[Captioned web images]
----
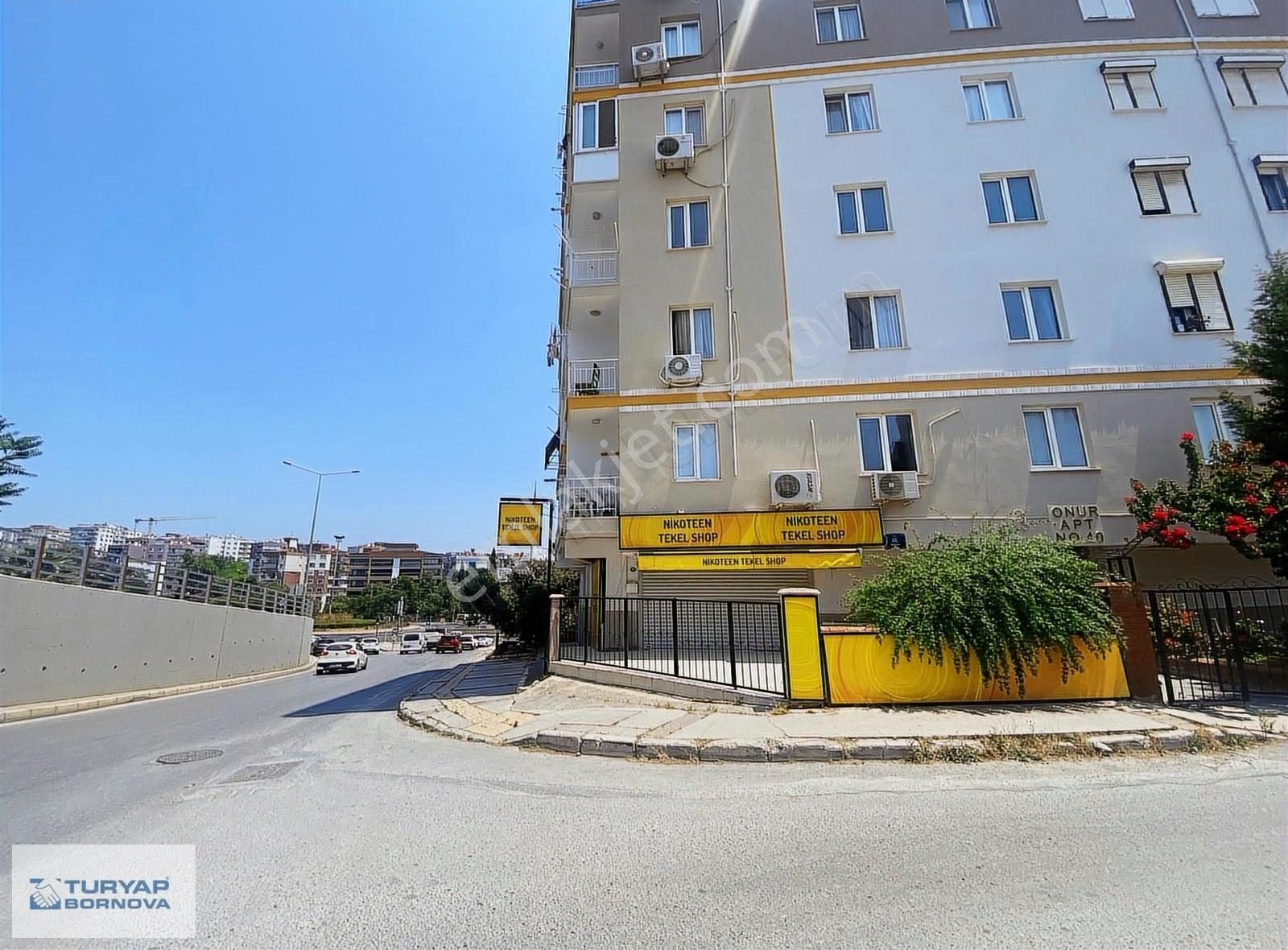 Turyap'tan Bornova Merkezde Satılık Cadde Üstü Ruhsatlı İşyeri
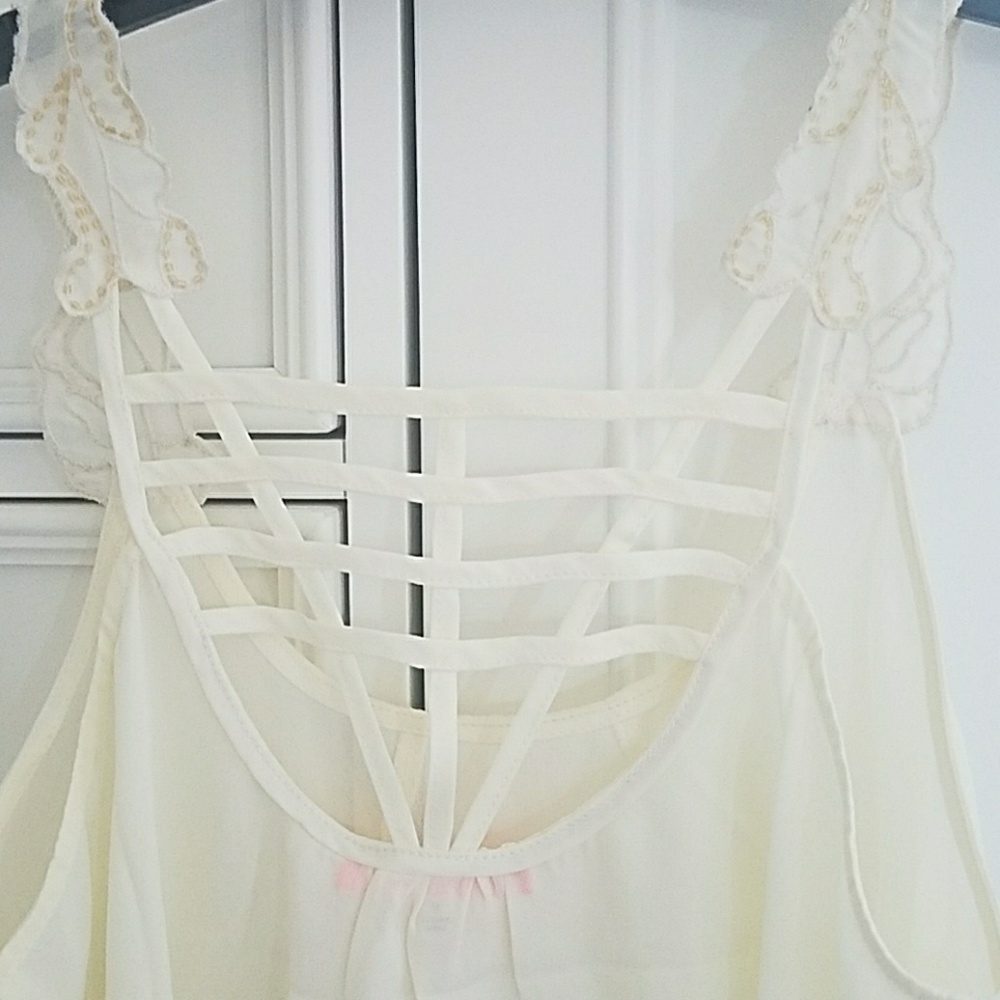 ❤️ LAST ONE ❤ Gorgeous Flowy Cage Back Top - Picture 7 of 8
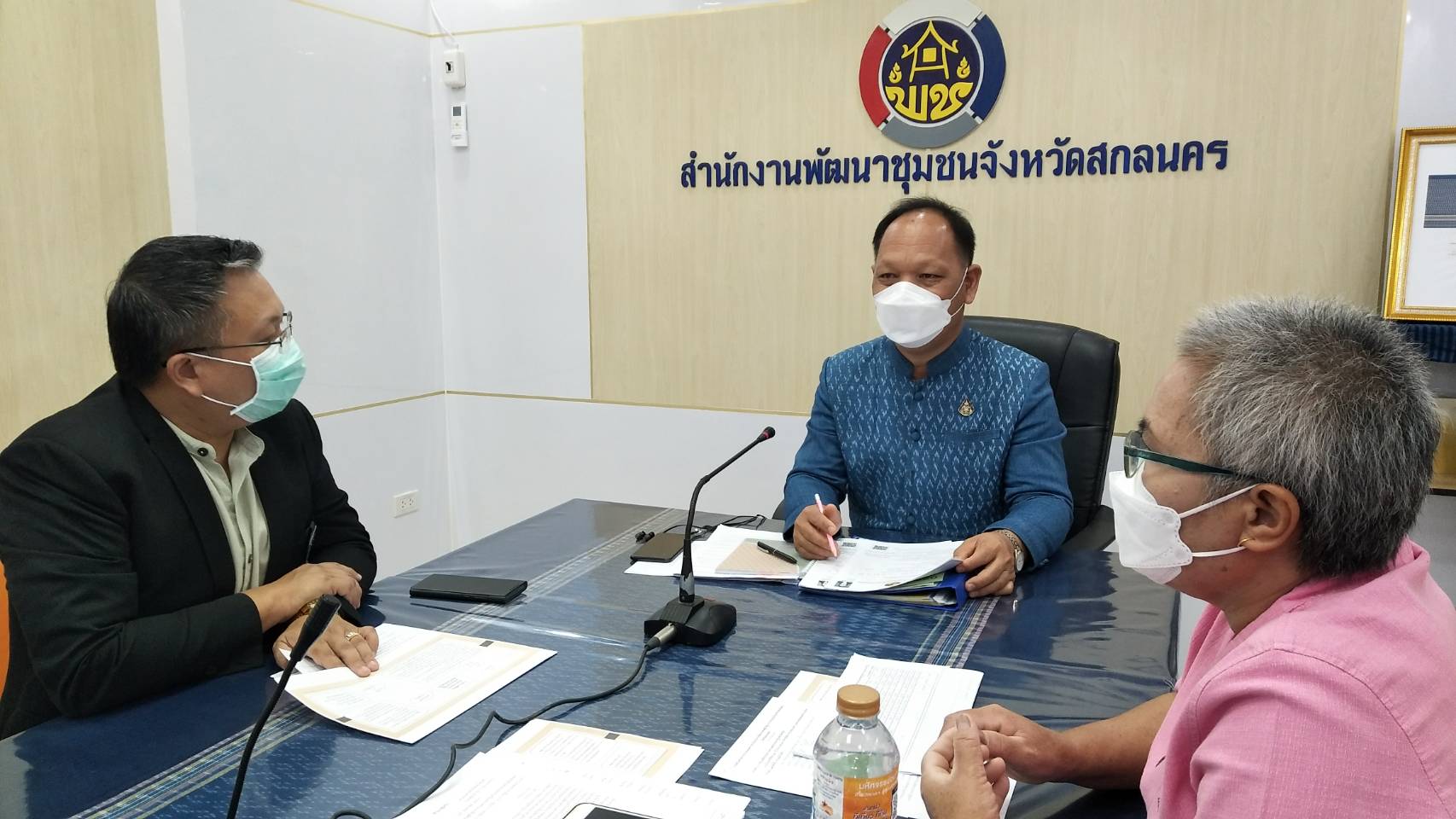 พช.สกลนคร : ร่วมประชุมการขับเคลื่อนการพัฒนาเศรษฐกิจฐานรากและประชารัฐ ด้วยกลไกวิสาหกิจเพื่อสังคม ผ่านระบบ Zoom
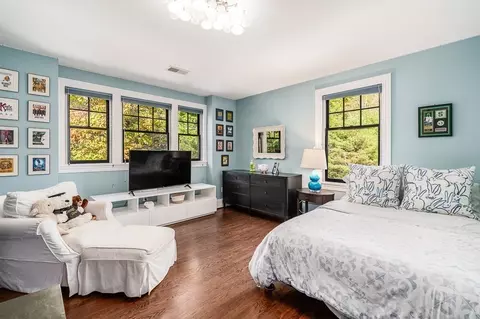 Bedroom - 4 Bridle Path Ln, Beverly, MA 01915 photo 2 of 4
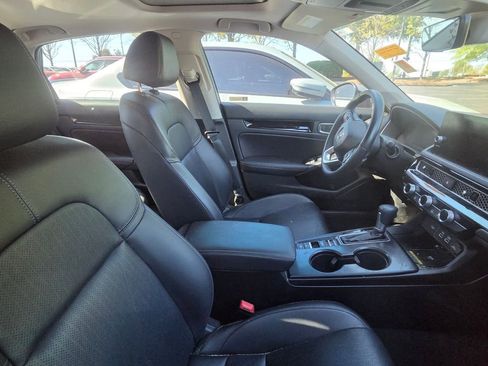 Used 2024 Honda Civic Touring image 8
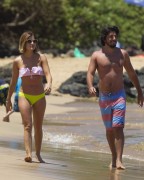 Люси Хейл (Lucy Hale) With Her Boyfriend Wearing A Bikini On The Beach In Hawaii, 30.06.2015 (30xHQ) 35ce0e420660452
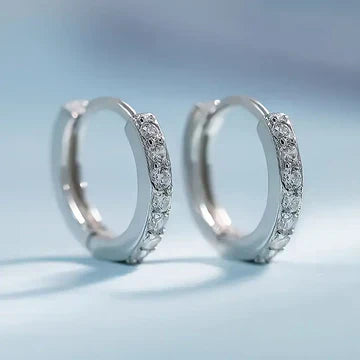 Pendientes dorados con colgante de inspiración costera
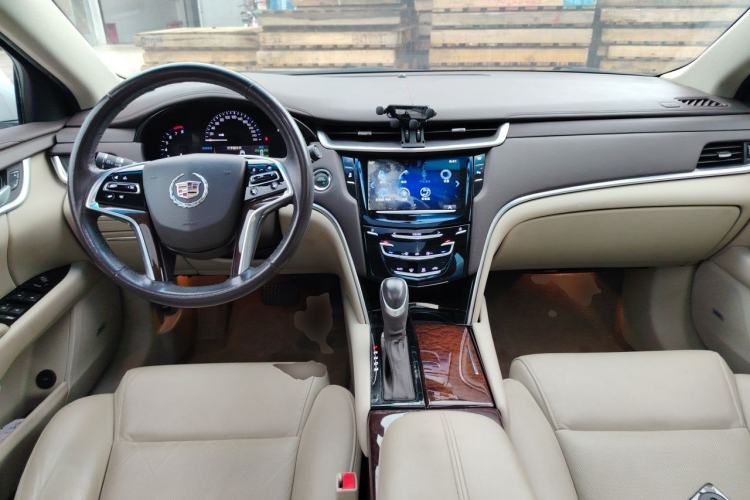 Used Cadillac XTS 2014 28T Comfort Version Center Console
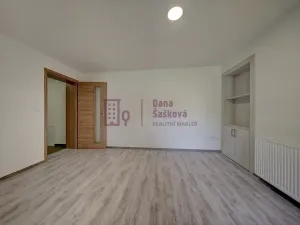 Pronájem bytu 3+kk, Jindřichův Hradec, sídliště Vajgar, 44 m2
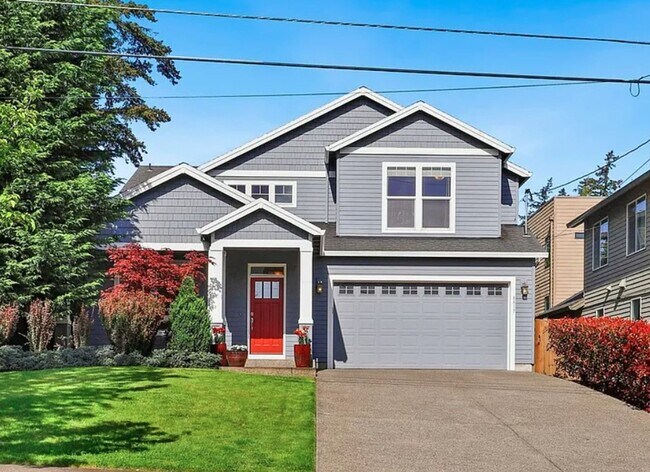 Building Photo - 8817 SW 51st Ave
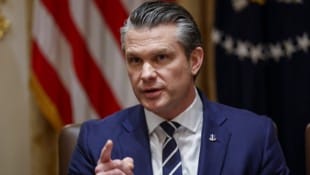 Muss sich wegen des Verdachts auf Insider-Nähe erklären: Pete Hegseth, Kriegsminister im ...
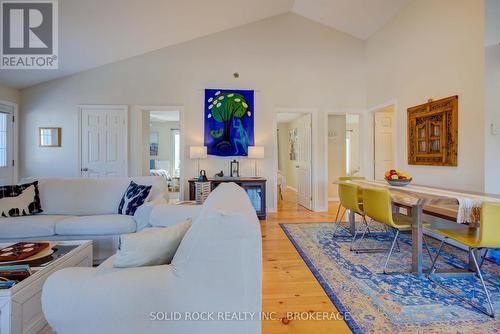 21C Swain Lane, South Frontenac (Frontenac South), ON - Indoor Photo Showing Living Room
----
#### TASK PROMPT:
Please quote exactly the run of lines that starts the entries and ends at the line containing "Used 2024 Honda Civic Touring image 8", leaving out every picture.

#### ANSWER SPACE:
 Turyap'tan Bornova Merkezde Satılık Cadde Üstü Ruhsatlı İşyeri
 ❤️ LAST ONE ❤ Gorgeous Flowy Cage Back Top - Picture 7 of 8
 พช.สกลนคร : ร่วมประชุมการขับเคลื่อนการพัฒนาเศรษฐกิจฐานรากและประชารัฐ ด้วยกลไกวิสาหกิจเพื่อสังคม ผ่านระบบ Zoom
 Bedroom - 4 Bridle Path Ln, Beverly, MA 01915 photo 2 of 4
 Used 2024 Honda Civic Touring image 8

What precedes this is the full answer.